La leyenda del Cristo de Pedro de Mena

                 Enrique Delgado

               La leyenda del Cristo de Pedro de Mena es más bella porque tuvo un final, en Málaga, el día 12 de mayo de 1931, cuando la incomparable talla del artista granadino sucumbió, ante la violencia de los golpes de una maza  y ante el fuego. En ese momento se iniciaba su leyenda, en el instante en el que cayó sobre la talla el último golpe de la estaca o en el que el fuego lamía por última vez su primorosa efigie.

              En el 80º aniversario de su desaparición, su leyenda sigue viva, aun cuando no todos la conozcan o incluso cuando muchos de los que la conocen no pueden asociarla a una imagen concreta y sin embargo, hubo un tiempo en el que no era conocida esta imagen, pues había caído en el absoluto olvido (fue tallada en 1680), lo que contribuyó sin lugar a dudas a su preservación y así atravesó dos siglos sin que nadie reparara en ella, hasta 1883 en el que se la redescubre y se inicia su culto popular. La paradoja es que desconocida, atravesó la noche de los tiempos, expuesta ante todos, apenas alcanzó los 50 años.
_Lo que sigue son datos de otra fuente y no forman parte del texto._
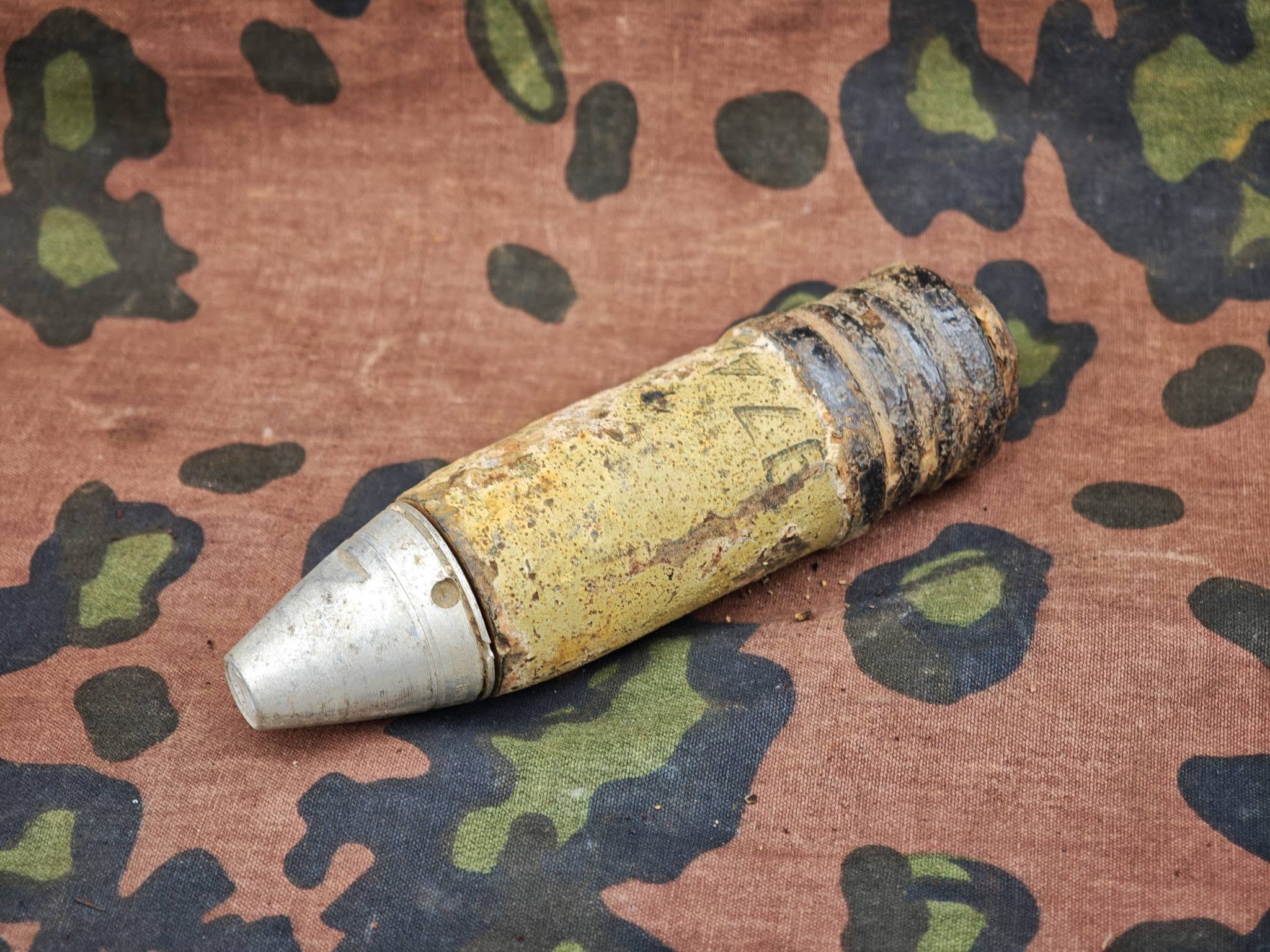 Original WWII German 3.7 cm Sprgr. – 3.7 cm Pak 36 HE Projectile with AZ 39 Fuze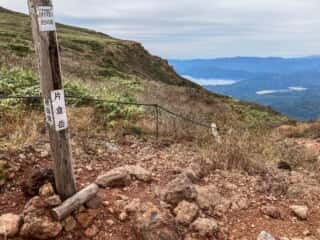 秋田駒ヶ岳登山道 片倉岳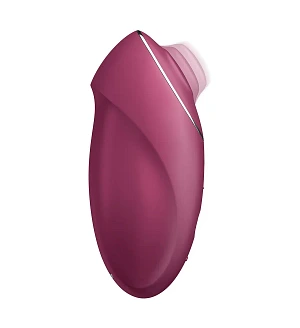 Вібростимулятор-пульсатор Satisfyer Tap & Climax 1 Red, ефект постукування пальцем, 2 мотори
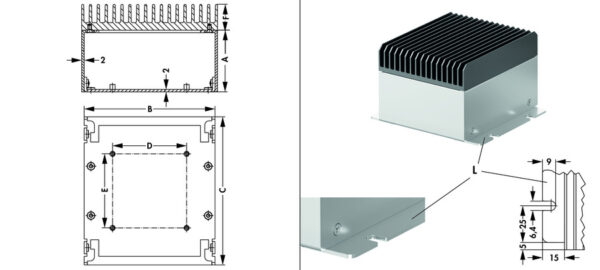 Shell-, extruded assembled cases, desk consoles and Euro cases - SGV K 30 100 SA - Image 2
              Tras ser conocida tuvo una rápida raigambre popular que la veneró hasta la exaltación y a la vez la colocaba en el lugar que la llevaría a ser odiada y destruida, en una milimétrica similitud con la persona, con el mismo Cristo al que representaba como efigie. La noche del 11 al 12 de mayo, envuelta en un improvisado sudario de ropajes procesionales, quedó sepultada y sola en una iglesia semi-derruida, hasta que sus restos fueron lanzados a la hoguera definitiva en la madrugada del día 12.

              La mecánica cuántica dice que el observador modifica el hecho observado, del mismo modo en que el exceso de veneración y ornato modifica la propia talla del artista y cubriéndola de exornos se la convierte en algo que nunca fue.

             De todas las fotografías conocidas de la talla de Pedro de Mena, esta es la más bella, porque ofrece a la vista el incomparable trabajo del artista, mostrándola desnuda de cualquier adorno. Está desnuda, como cualquiera ante nuestra propia conciencia, es esa verdad íntima y profunda que desnuda nuestro espíritu, ante la que no cabe engaño, demora o  distracción posible.

             La verdad no puede ser nunca transmitida, es una sensación  interior que al intentar expresarla nos hace alejamos de ella, es como la bruma de la niebla, que se disipa a nuestro paso o la fina línea del horizonte que nunca se alcanza.  Sólo podemos ofrecer la imagen y contemplarla, sin intentar describir nada porque entonces la perderíamos.

             El artista quiso mostrar la serena paz con la que la muerte cierra hasta el sufrimiento más bárbaro, ofreciendo ante nuestros ojos la plasmación física de la inscripción RIP (descansar en paz), en absoluta y desmayada relajación. La delicadeza del trazo, casi sin detectarse las herramientas del artista refuerza esa sensación de quietud y reposo. El suave desprendimiento del cuerpo, del que han desaparecido los rastros de la tensión o del dolor, ofrece la imagen del eterno descanso con una intensidad y tranquilidad pasmosa. No hay expresión ni gesto de dolor (pese a ser una imagen barroca), ni ningún recurso dramático con el que Pedro de Mena quisiera alterar nuestra percepción o condicionar nuestra actitud hacia la imagen.

            La imagen muestra, no dice, transmite una fuerza inmensa que sólo puede introducirse dentro de nosotros por los ojos, sin ningún otro sentido que la deforme o altere, en silencio absoluto y una vez dentro no sale.

           Es más bella porque desapareció, porque nada ni nadie pudo transformarla en algo distinto de aquello para la que fue concebida y plasmada. Al contemplarla en el pasado se nos muestra, al intentar explicarla se nos aleja. Al desaparecer volvió a ser lo que era y no en lo que la habían convertido, cargada de cosas y de símbolos que no la hicieron ningún bien. Los testimonios hablan de que fueron directamente a por ella, porque era símbolo de algo, probablemente, que jamás fue Cristo o la talla del crucificado de Mena.

          Ante esta fotografía, eco inapagable del pasado, se comprende lo que realmente fue esta talla, la intención del artista, ya fuese impregnada por la fe o por la inspiración.

          El mejor homenaje es ofrecerla, mostrarla, desnuda de todo aditamento, menos del nombre, “et maneat semper. Amen”.